Could you retype exactly the lines below between the one holding "Sketchbook Modern Cactus" and the one holding "Calendrier de novembre 2023 - Turquoise", inclusive, leaving out any pictures?

RECORDS SUPPLIED =
★ ★ ★

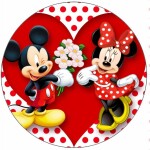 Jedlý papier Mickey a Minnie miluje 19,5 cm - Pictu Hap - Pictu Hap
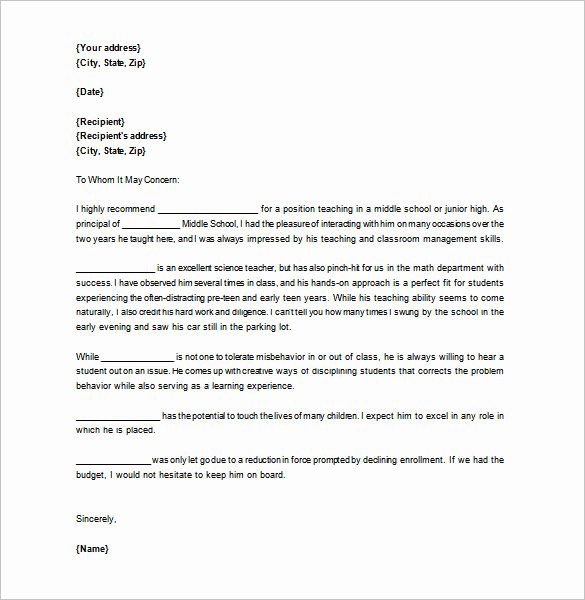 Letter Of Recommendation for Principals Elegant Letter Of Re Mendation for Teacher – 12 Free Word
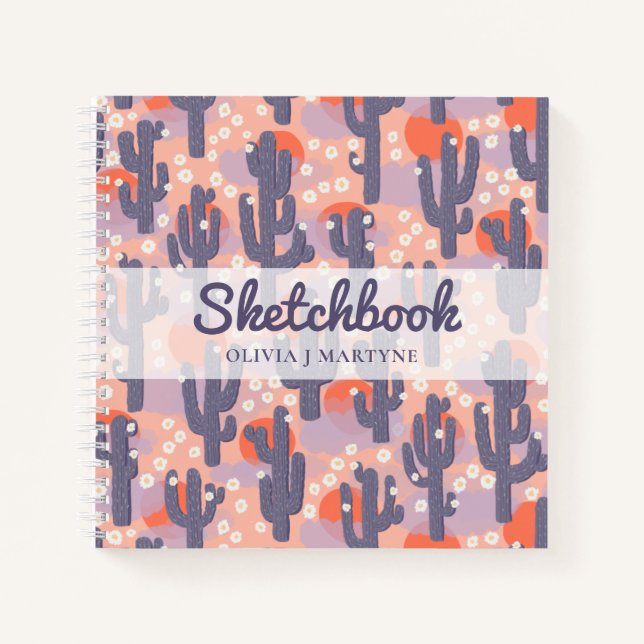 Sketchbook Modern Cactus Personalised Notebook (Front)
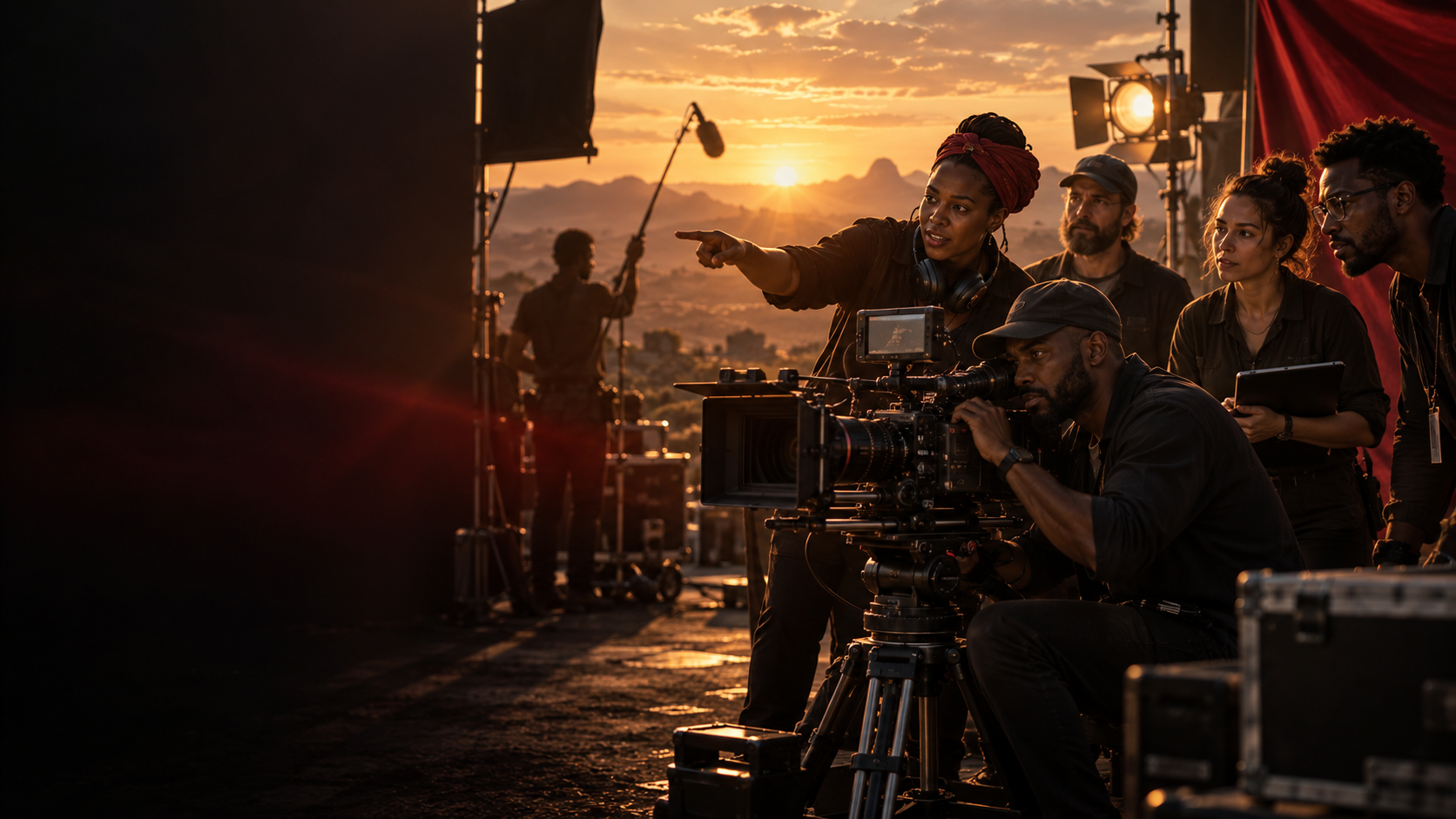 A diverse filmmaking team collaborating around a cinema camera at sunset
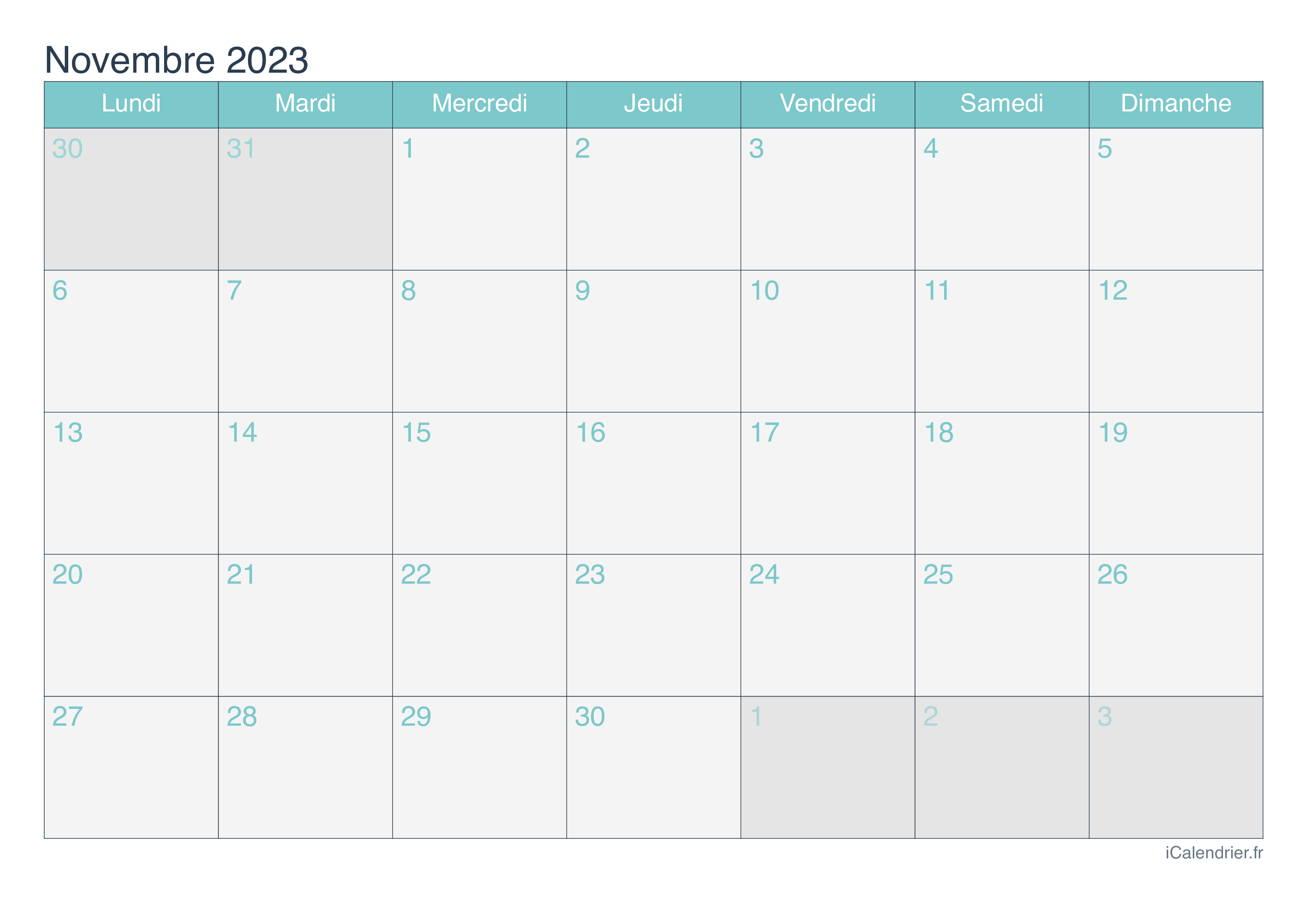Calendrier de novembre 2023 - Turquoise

★ ★ ★

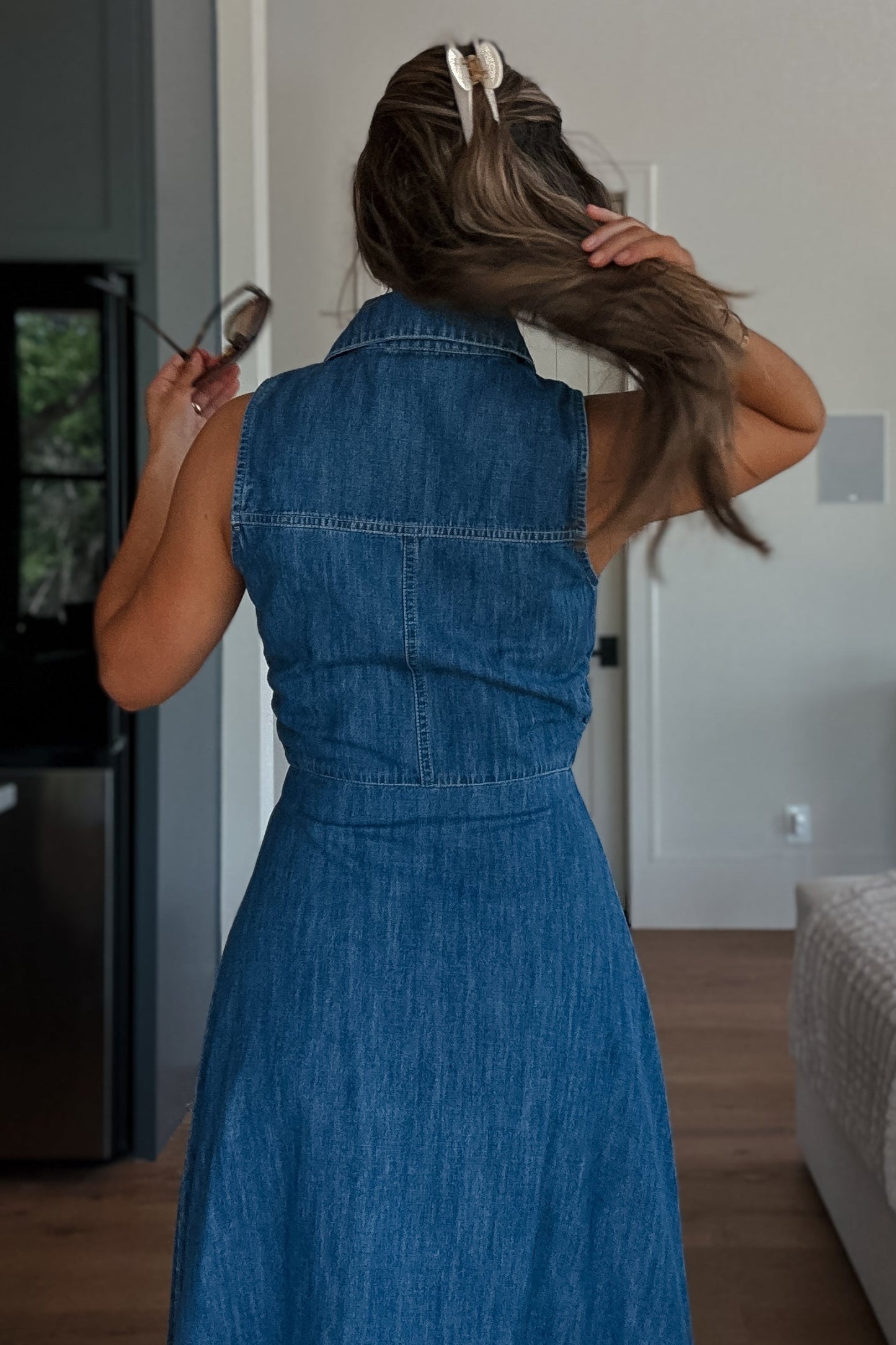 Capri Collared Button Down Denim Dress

★ ★ ★

RESPONSE BELOW =
 Sketchbook Modern Cactus Personalised Notebook (Front)
 A diverse filmmaking team collaborating around a cinema camera at sunset
Calendrier de novembre 2023 - Turquoise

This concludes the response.